From the line containing "family raised Aussie" to the final line of the entries, every line is to be reproduced exactly; no other line belongs in the output.
━━━━
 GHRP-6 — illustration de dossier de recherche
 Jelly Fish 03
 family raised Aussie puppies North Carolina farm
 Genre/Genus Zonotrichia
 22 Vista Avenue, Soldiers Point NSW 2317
━━━━
Output of the task ->
 family raised Aussie puppies North Carolina farm
 Genre/Genus Zonotrichia
 22 Vista Avenue, Soldiers Point NSW 2317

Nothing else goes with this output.